François Chollet @fchollet Deep learning @google. Creator of Keras, neural networks library. Author of 'Deep Learning with Python'. Opinions are my own. May. 26, 2019 1 min read

This is how you implement a network in Chainer. Chainer, the original eager-first deep learning framework, has had this API since launch, in mid-2015.

When PyTorch got started, it followed the Chainer template (in fact, the prototype of PyTorch was literally a fork of Chainer).

Nearly every day, I am getting ignorant messages saying, "PyTorch is an original innovation that TensorFlow/Keras copied". This is incorrect. Subclassing is a fairly obvious way to do things in Python, and Chainer had this API first. Many others followed.

I had been looking at adding a Model subclassing API to Keras as soon as late 2015 (before the Functional API even existed, and over a year before being aware of PyTorch), inspired by Chainer. Our first discussions about adding an eager execution mode also predate PyTorch.

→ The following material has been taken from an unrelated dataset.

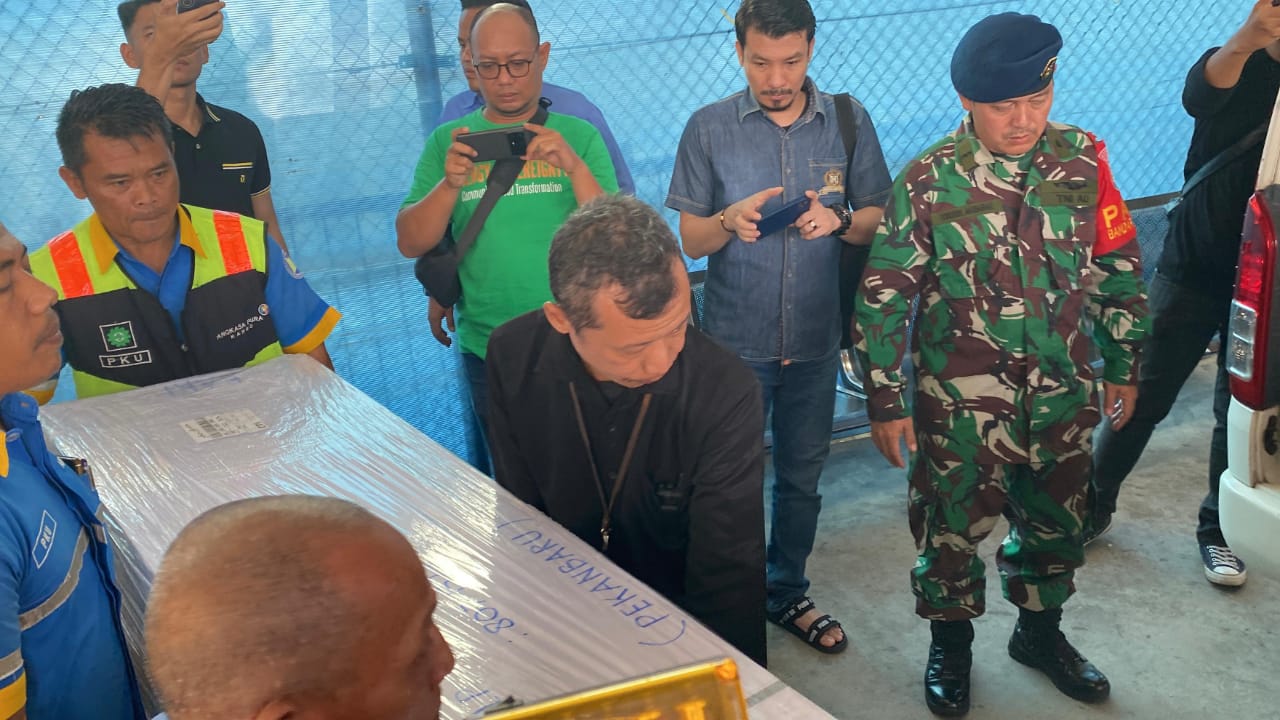 Jenazah Basri, Pekerja Migran Indonesia (PMI) yang menjadi korban penembakan oleh Agensi Penguatkuasaan Maritim Malaysia (APMM), akhirnya tiba di Bandara Sultan Syarif Kasim (SSK) II Pekanbaru pada Rabu (29/1/25) sekitar pukul 16.00 WIB.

By the time PyTorch came out, I had been looking at its API (which is exactly the Chainer API) for 1.5 year (since the release of Chainer). It wasn't exactly a shock. There was nothing we didn't already know.

To be clear, it's a good thing that API patterns and technical innovations are cross-pollinating among deep learning framework. The Keras API itself has a had a pretty big influence over libraries that came after. It's completely fine, and it all benefits end users.

But please stop saying, "TensorFlow/Keras copied PyTorch". It's an extremely ignorant take, not only false but also pretty offensive (especially to the Chainer folks).